OPINION *Page 2 {¶ 1} Defendant-appellant Michael Estep appeals his conviction on one count of assault, in violation of R.C. 2903.13, in the Licking County Municipal Court. Plaintiff-appellee is the State of Ohio.

STATEMENT OF THE FACTS AND CASE {¶ 2} On October 4, 2006, Appellant was at his place of employment, Matthews Ford Auto Dealership, when Keith Hamilton, a former employee of the dealership, came to look at a vehicle he was interested in purchasing. It is undisputed Appellant and Hamilton did not get along, and there was a lot of animosity between them.

{¶ 3} At the dealership, Hamilton contacted Ron Baughman, another employee of the dealership, via cell phone and asked him to bring the keys to show him the vehicle.

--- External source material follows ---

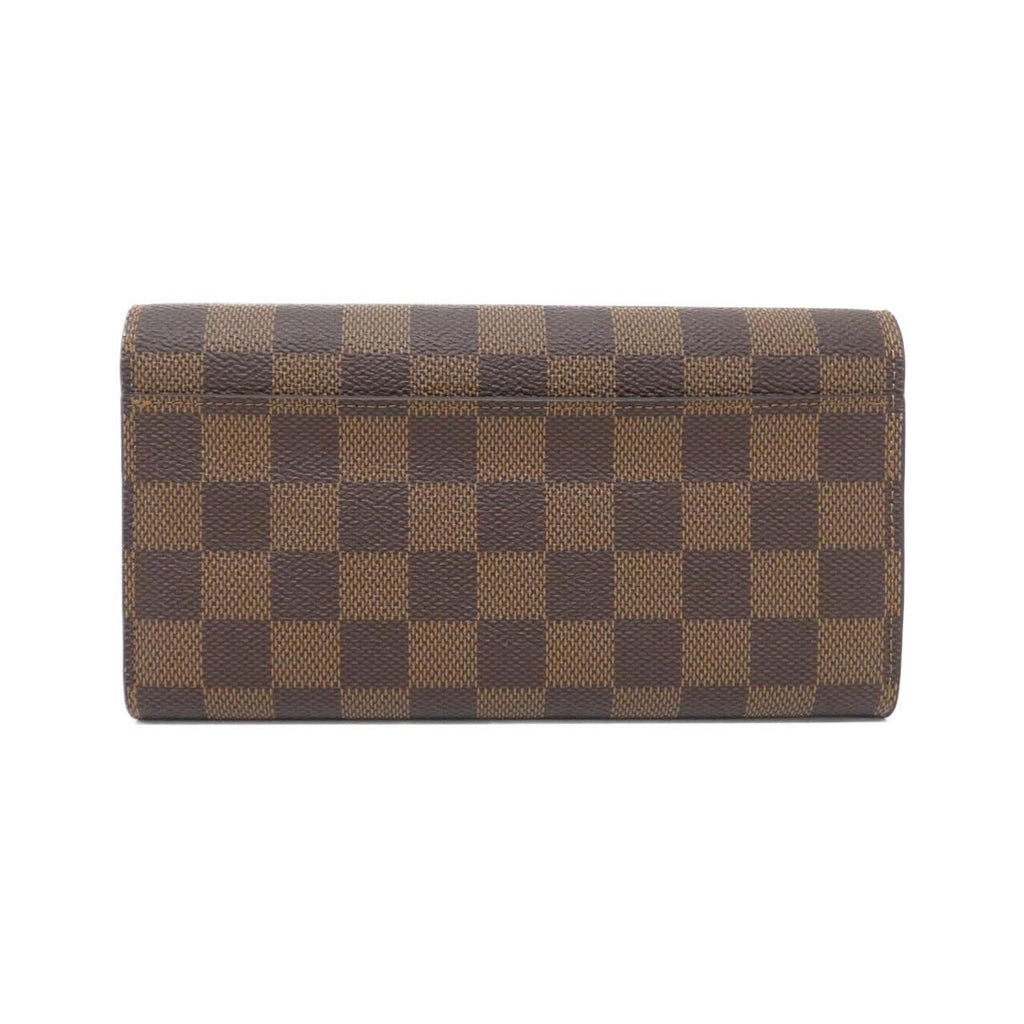 Louis Vuitton Damier Portefeuille Sarah Wallet — view 2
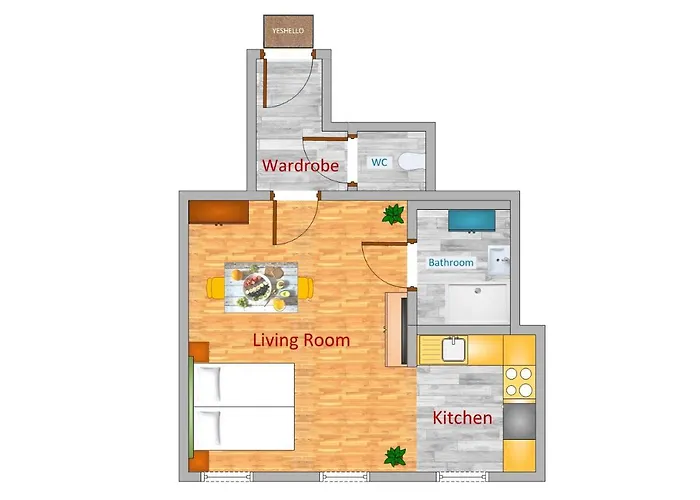 Station Apartment Vienna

{¶ 4} Appellant was inside the building at his desk and Baughman and Hamilton were outside on the lot when Baughman began communicating with another salesman, via Nextel. Appellant overheard their conversation concerning derogatory statements regarding Appellant. During the conversation, Appellant observed Hamilton pointing at Appellant and laughing. Appellant then walked out of the building, onto the lot and approached Hamilton. During the encounter, Appellant pushed Hamilton to the ground.

{¶ 5} Appellant was subsequently charged with one count of assault, in violation of R.C. 2903.13, a first degree misdemeanor. The matter proceeded to a jury trial, and Appellant was found guilty as charged.

{¶ 6} Appellant now appeals, assigning as error: *Page 3

{¶ 7} "I. WHETHER OR NOT THE TRIAL COURT ABUSED IT'S DISCRETION IN FAILING TO GIVE JURY INSTRUCTIONS REGARDING SELF-DEFENSE."

{¶ 8} In the sole assignment of error, Appellant argues the trial court abused its discretion in failing to instruct the jury as to self-defense. Specifically, Appellant asserts the evidence introduced at trial demonstrates he was acting in self-defense in pushing Hamilton to the ground; therefore, the jury should have been instructed accordingly.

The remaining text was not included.